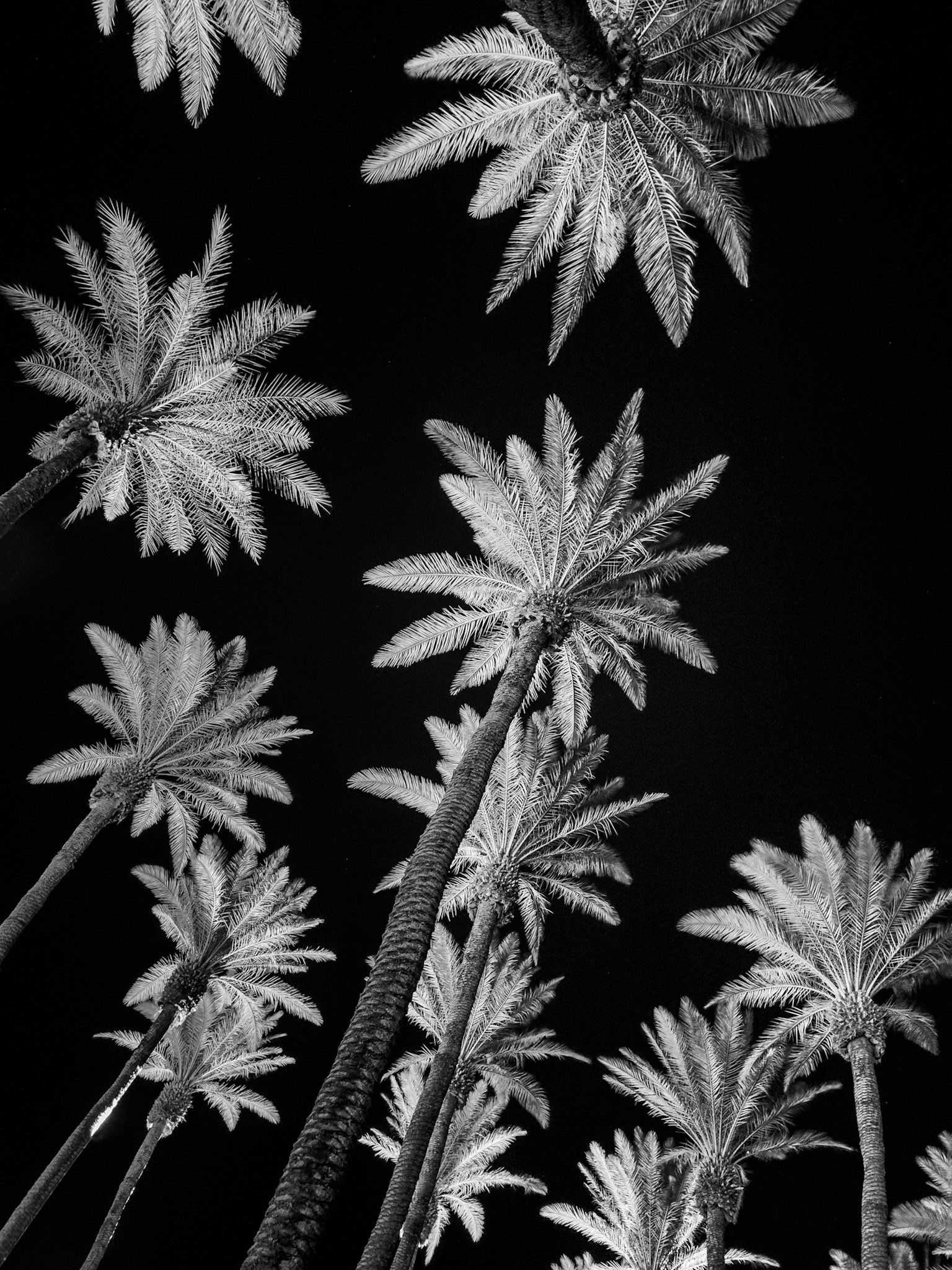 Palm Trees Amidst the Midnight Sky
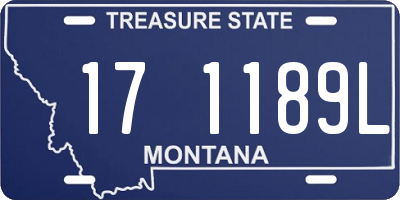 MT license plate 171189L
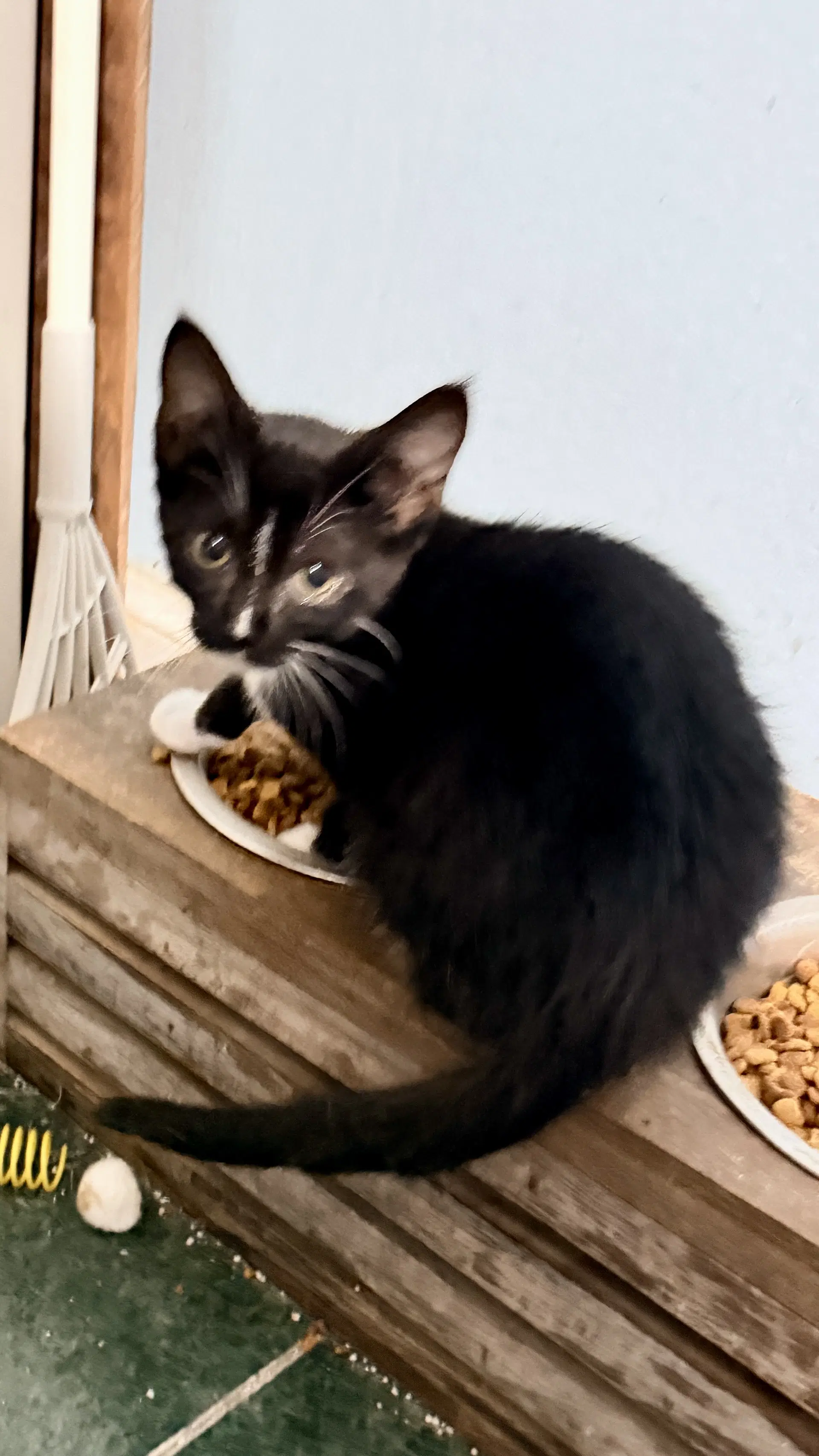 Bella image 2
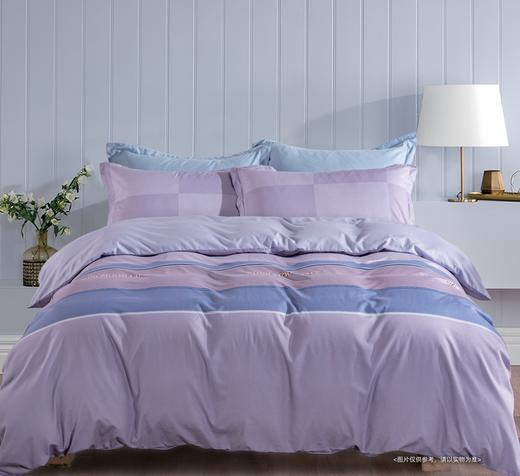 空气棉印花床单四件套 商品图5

==*==

*Assigned task*. Copy out all the data exactly, skipping the pictures.

*Solution*.
 Palm Trees Amidst the Midnight Sky
 MT license plate 171189L
 Bella image 2
 空气棉印花床单四件套 商品图5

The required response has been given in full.